Las manifestaciones políticas en tiempos de quietud electoral son siempre una veleta indeseable para los elegidos. Es el momento de los reproches a cambio de los estribillos, la hora de las banderas convertidas en pancartas templadas con exigencias. La calle es un teatro indeseable visto desde las ventanas de los palacios presidenciales. En Argentina saben muy bien, desde las desventuras de De la Rua, que cuando las cacerolas suenan el palo no está para cucharas. La última semana la Plaza de Mayo se convirtió en el escaque más importante de la política argentina, un cuadro peleado a golpes entre los opositores y los seguidores de Cristina Fernández de Kirchner. Un fortín simbólico que mereció una pequeña cuota de sangre.
El gran protagonista de esa trifulca con tintes de batalla en el centro de Buenos Aires se llama Luis Ángel D’Elia. Un especialista en montoneras, un barrabrava de la política, un sindicalista con maneras de luchador. El desorden comenzó con un discurso de la Señora K en el que los huelguistas del campo fueron tratados de oligarcas y vinculados de refilón con el golpe de estado de 1976. La Señora K quería resolver sus problemas actuales desenterrando viejos pleitos, buscando lealtades y pasiones en la historia de la dictadura y la cartilla ideológica. Mucha gente en las ciudades se aburrió con el tono de confrontación y la arrogancia desde la Casa Rosada y decidió salir a dar un paseo y a gritar contra el gobierno. Es ahí donde aparecen D´Elia y su corte. El ex-burócrata de Néstor Kirchner y ahora abanderado de la Señora K decidió retomar la plaza por la fuerza. Nadie puede jugar a la revuelta sin soportar el peso de la milicia particular del gobierno. La estampida de los descamisados de los Kirchner se encargó de imponer orden y demostrar que en la calle el juego es rudo. “Vinimos a custodiar la plaza”, dijo D’Elia luego de noquear a un opositor del gobierno. Una frase de hace dos años, cuando prestaba sus servicios al esposo de la Señora K, deja bien claro el calibre del personaje: “Voy a defender a este gobierno, como dije alguna vez, a los tiros y en la calle”.
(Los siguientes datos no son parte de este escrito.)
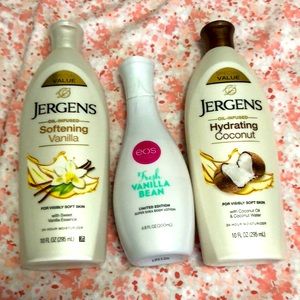 🥥Vanilla & coconut bundle 3 bottles of body lotion see Details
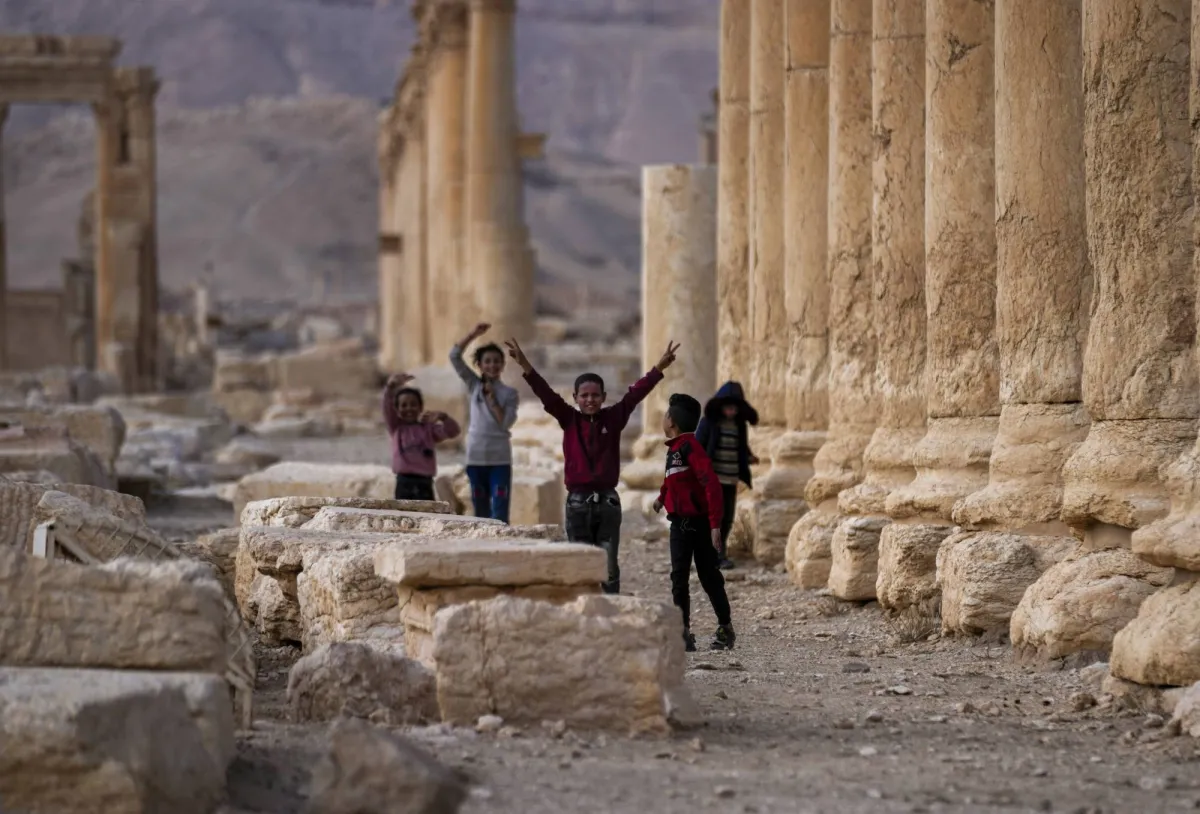 حمى البحث عن الآثار السورية وبيعها ارتفعت منذ سقوط الأسد020 حمى البحث عن الآثار السورية وبيعها ارتفعت منذ سقوط الأسد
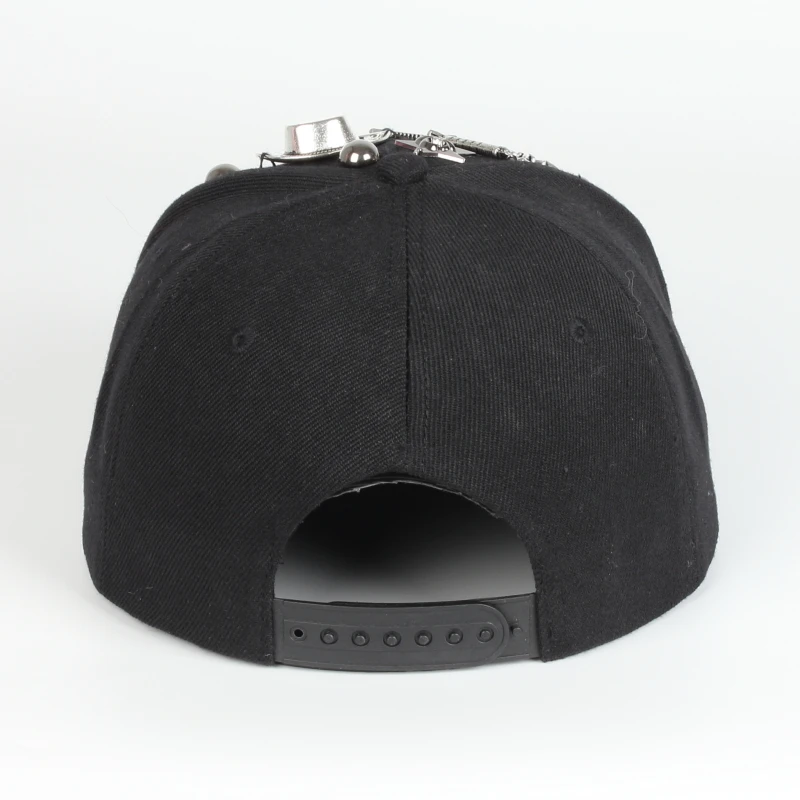 Wholesale European and American Punk Style Rivets Flat Eaves metal brim rebound Hip-Hop Snapback Cap Sports Hats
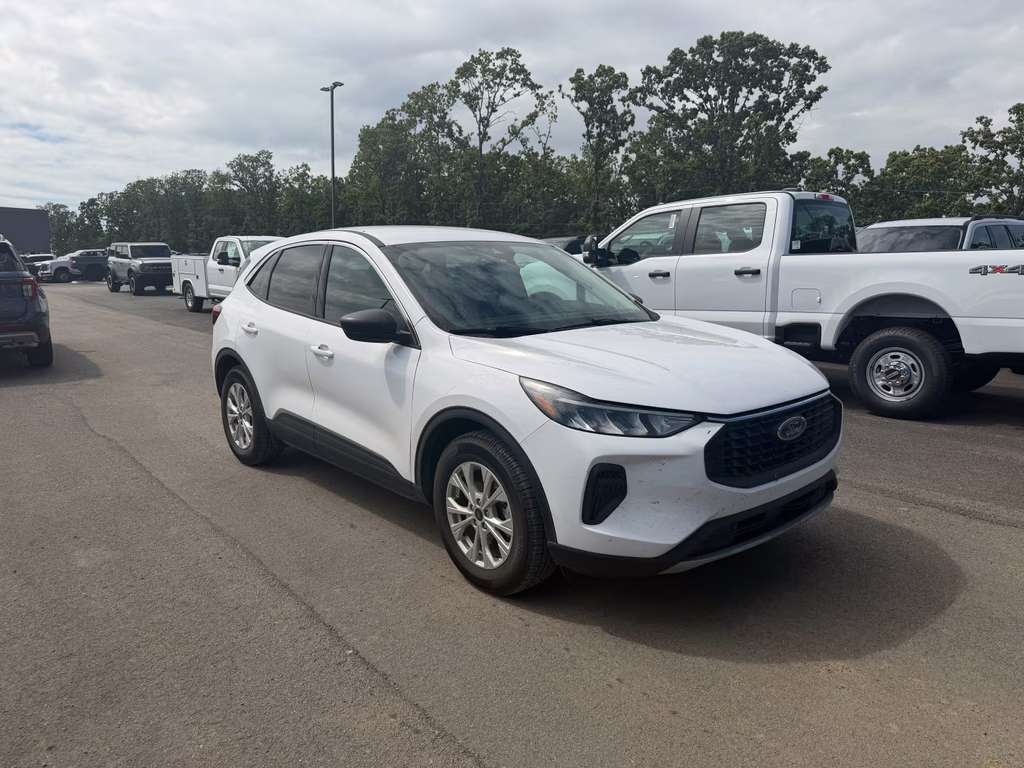 2024 Oxford White Ford Escape Active FWD SUV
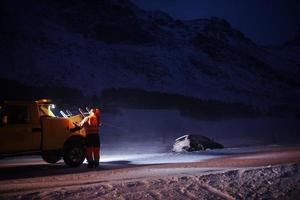 Auto wird nach Unfall im Schneesturm abgeschleppt foto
Las actuaciones de la patota de D’Elia hicieron que un crítico del gobierno dijera que Argentina se estaba “colombianizando”. Comparar las grescas callejeras de D’Elia con las matanzas de los paramilitares es sin duda una exageración, un desenfoque mayúsculo. Lo que sucede en realidad es que la política argentina se está “venezolanizando”. El gobierno confía su estabilidad a una pequeña turba fanática y bien alimentada, un círculo que tiene como función aplaudir y plantarse, según las necesidades. A los favores se responde con fervores. D’Elia salió desde el palacio de gobierno a juntar su gente para retomar la Plaza. En Argentina dicen que actúa bajo órdenes del ejecutivo y la policía mira sus hazañas como si fueran las gracias de un muchacho fortachón y justiciero. En realidad el hombre parece un elefante enloquecido que se ha volado del circo de la política.
El gladiador Kirchnerista comenzó moviendo tropa de electores a los convites políticos; a cambio de nuestro “casao” de cerveza y tamal el hombre se cebaba con vino y choripan. Luego de dos años como “Subsecretario de tierras para el hábitat social” en el gobierno de Kirchner, D’ Elia debió renunciar presionado por un viaje a Irán para apoyar el gobierno de Amhadineyad y negar la participación de iraníes en el atentado contra la mutual judía en Buenos Aires en 1994. Hugo Chávez fue el artífice del repentino arrebato iraní sufrido por D’Elia. Se demostró entonces que el funcionario trabajaba más para el gobierno de Venezuela que para el de Argentina. Muy pronto D’Elia se convirtió en un ahijado del chavismo, un montonero a sueldo que reconoce sin pudor que muchos de sus movimientos se pagan con dólares venezolanos. Las palabras oligarquía, pueblo e imperialismo han comenzado a rondar los discursos en Argentina, y la lógica del resentimiento que atizan los círculos bolivarianos encontró un excelente parlante en la boca elocuente de Luis Ángel D’Elia: “Lo único que me mueve es el odio contra la puta oligarquía. No tengo problemas en matarlos a todos”. La pobre Argentina recibe combustible venezolano para calefacción y para incendios.